Rafal,
I'm ok with your responses and changes. Patch approved.
Chuck
> -----Original Message-----
> From: Rafal Somla [mailto:rsomla@stripped]
> Sent: Tuesday, May 13, 2008 6:55 AM
> To: Chuck Bell
> Cc: commits@stripped
> Subject: Re: bk commit into 6.0 tree (rafal:1.2614) WL#4211
>
> Hi Chuck,
>
> Thanks for your review! See my replies below.
>
> Rafal
>
> Chuck Bell wrote:
> > Rafal,
> >
> > I have some questions and suggestions:
> >
> >> diff -Nrup a/mysql-test/t/backup_objects.test
> >> b/mysql-test/t/backup_objects.test
> >> --- a/mysql-test/t/backup_objects.test 2008-02-13
> >> 12:40:24 +01:00
> >> +++ b/mysql-test/t/backup_objects.test 2008-05-07
> >> 15:07:25 +02:00
> >> @@ -1,12 +1,36 @@
> >> #
> >> -# This test testing backup and restore for database objects.
> >> +# This test is testing backup and restore of database objects.
> >> #
> >> +# The following objects are tested:
> >> +# - tables
> >> +# - views
> >> +# - stored procedures and functions
> >> +# - triggers
> >> +# - events
> >> +#
> >> +# It is also tested that backup and restore works correctly
> >> when there are
> >> +# dependencies between objects such as:
> >> +# - one table depends on another table via foreign key
> constraint, #
> >> +- a view depends on a table or another view, # - stored
> routine or
> >> +event refers to another object.
> >>
> >> --source include/have_innodb.inc
> >> --source include/not_embedded.inc
> >>
> >> -connect (con1,localhost,root,,);
> >> -connection con1;
> >> +# Note: BACKUP crashes server when InnoDB engine is used and
> >> views are
> >> +# included in the image (see BUG#34758). Until this issue is
> >> resolved we
> >> +# can't use InnoDB engine here and thus define table
> >> dependencies using
> >> +# foreign key constraints.
> >> +#
> >> +# If tables use MyISAM storage engine the test works but
> all foreign
> >> +# key constraints are silently ignored. When BUG#34758 is
> >> fixed, the line
> >> +# below should be changed to make InnoDB the default storage
> >> engine so that
> >> +# handling of dependencies introduced by foreign keys can
> >> also be tested.
> >> +#
> >> +# Note that there is a separate test backup_fkey testing
> foreign key
> >> +# constraints.
> >> +
> >> +SET storage_engine=MyISAM;
> >
> > I understand the need to remove the InnoDB from the test, but I am
> > surprised at the radical changes to the test. I would
> request that the
> > test not be stripped so drastically. Case in point, I would
> ask that
> > the parts that are removed are put back in put disabled (like
> > commented out) and marked with the bug report. I think it is a big
> > risk to take functionality out of a test with expectations
> that it would be covered by another test or added later.

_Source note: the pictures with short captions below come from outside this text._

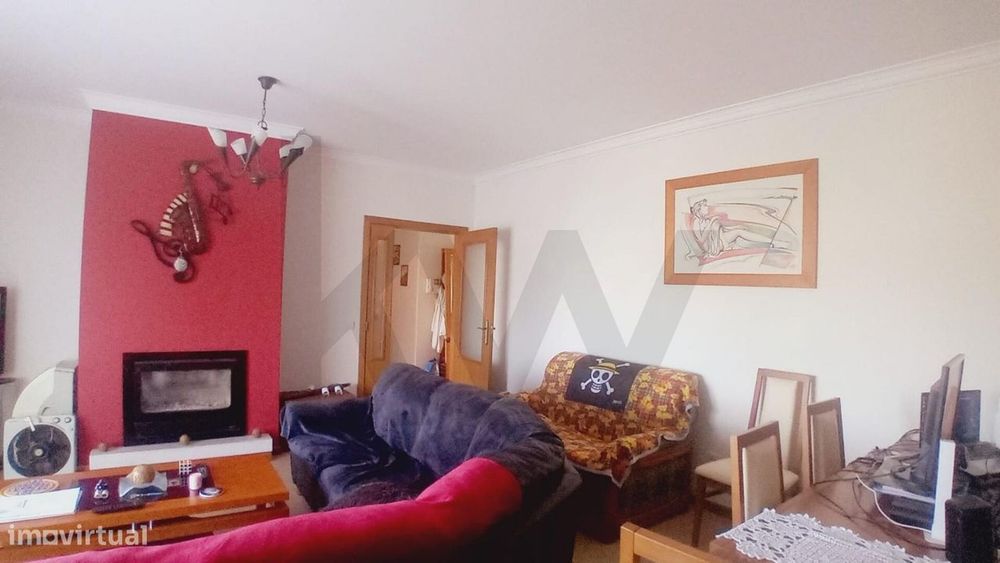Apartamento T3 com Elevador, Garagem e Arrumos – Centro da Vila de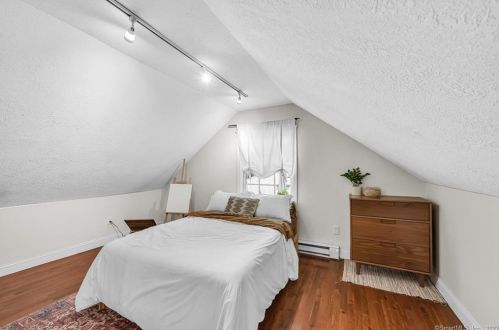 360 Taylor Rd, Enfield CT 06082-4042 exterior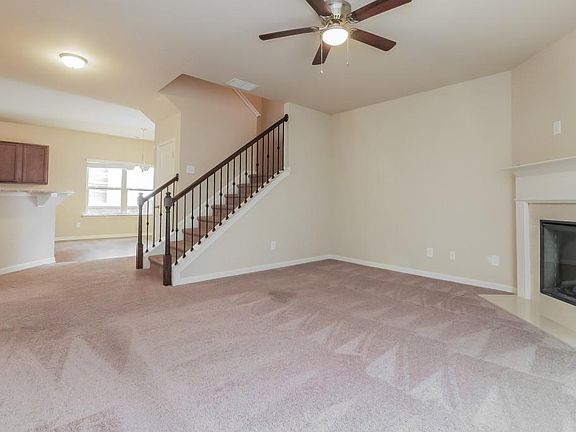 3rd image of 732 Galveston Way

> > Better to leave it in and disable it as a constant reminder.
> >
> > If you insist the radical changes are necessary, perhaps it
> would help
> > to explain some more as to why it was changed. But let's not remove
> > anything from the test even if we have to disable it until
> a bug report is fixed.
> >
> > Now that I've thought more about it, my suggestion is as follows:
> >
> > * return the backup objects test to its original form
> > * comment out the InnoDB and change to MyISAM with notes to
> reenable
> > it when the bug is fixed (noted in the bug report perhaps?).
>
> This is already done - see above the long comment explaining
> why MyISAM is used now and that it should be replaced by
> InnoDB when bugs are fixed.
>
> > * create a new test for checking dependencies
> >
>
> It would be easier to create a separate test but I decided
> otherwise based on the following reasoning.
>
> The goal of backup_objects test is to check that our system
> correctly backups
> and restores all supported kinds of objects. Checking that
> dependencies between
> objects are correctly taken into account is logically part
> of this task. A
> separate test for testing dependencies would be in fact
> very similar to
> backup_objects test. Thus, instead of multiplying the
> number of tests it makes
> sense to add object dependency checking to backup_objects test.
>
> Doing this that way required changing the test but I disagree
> that changes are radical. It is still the same test which
> creates coulple of objects of different kinds, backups them
> and then restores. What is changed is the following:
>
> - Two databases 'db1' and 'db2' used instead of single
> 'bup_objects'. This is needed to create inter-database dependencies.
>
> - Functions and procedures are created first in case view or
> table definitions refer to them (currently only views).
>
> - View definitions are more complex, so that we have views
> which depend on other
> views.
>
> - Different data is loaded into tables to ensure that views
> are not empty.
>
> - The "Exercise the objects" section has been removed because
> first, it has no influence on BACKUP/RESTORE operation and
> second, it is hard to define objects with complex
> dependencies and usable at the same time.
>
> - To shorten the test, SHOW CREATE statements are executed
> only after restore.
> In case of wrong restore these will be compared to the ones
> stored in the result file.
>
> - Instead of selecting from I_S tables, sql statements such
> as SHOW EVENTS and SHOW PROCEDURE STATUS are used to see if
> events or procedures were restored.
>
> I don't think these changes are drastic - I claim that after
> the updates the test is a superset of the previous test.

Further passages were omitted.